• Your objective
The copy should begin at the line containing "Harald Nyborg Krydslaser med stativ tilbud" and end at the last line of the material. Please reproduce those lines exactly and keep pictures out.
════════
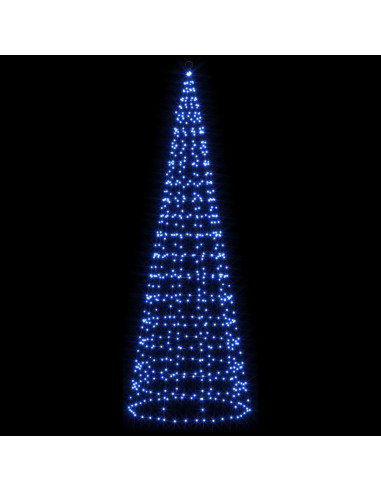 Luci per albero di Natale con picchetti e asta per bandiera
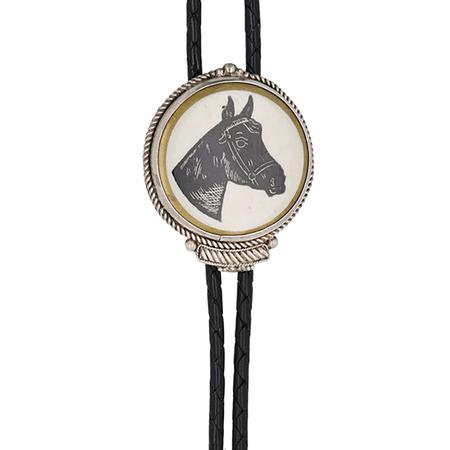 Black Horse Bolo Tie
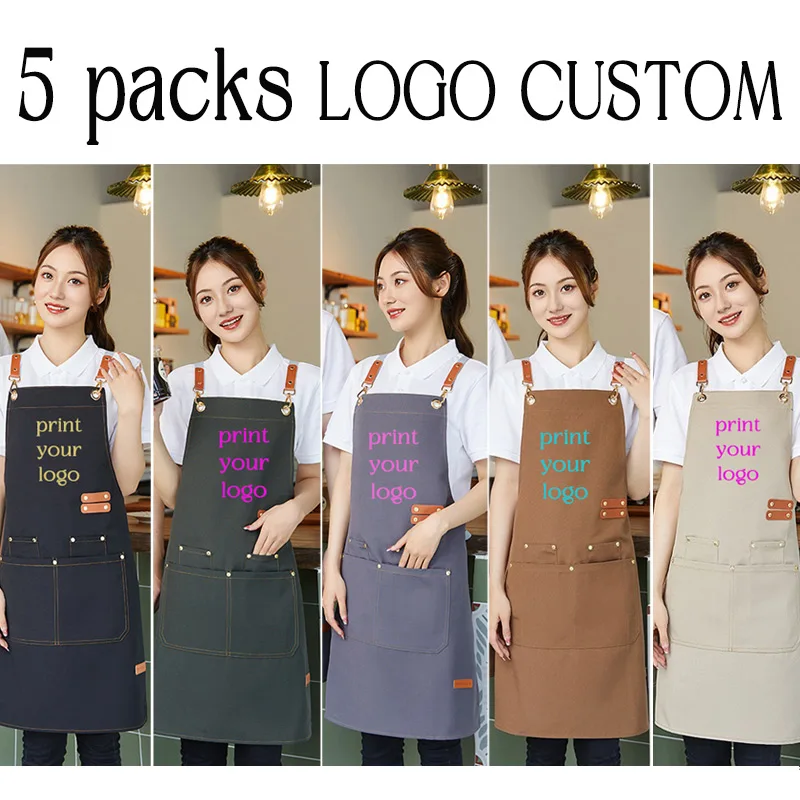Waterproof Canvas Apron 5Pcs Logo Customize Catering Shop Kitchen Home Gardening Commercial Apron Women Men Adult Apron
Waterproof Canvas Apron 5Pcs Logo Customize Catering Shop Kitchen Home Gardening Commercial Apron Women Men Adult Apron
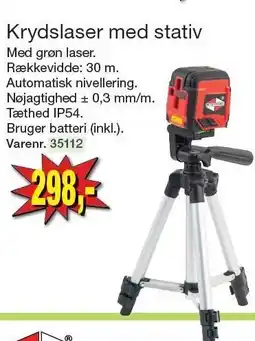 Harald Nyborg Krydslaser med stativ tilbud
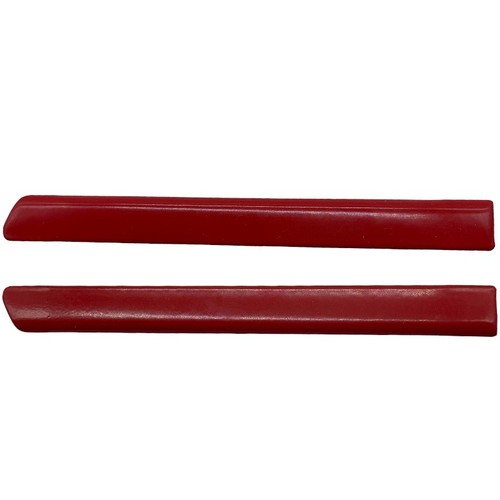 Paire liseret rouge aluminium - paire,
════════
• Expected answer
 Harald Nyborg Krydslaser med stativ tilbud
 Paire liseret rouge aluminium - paire,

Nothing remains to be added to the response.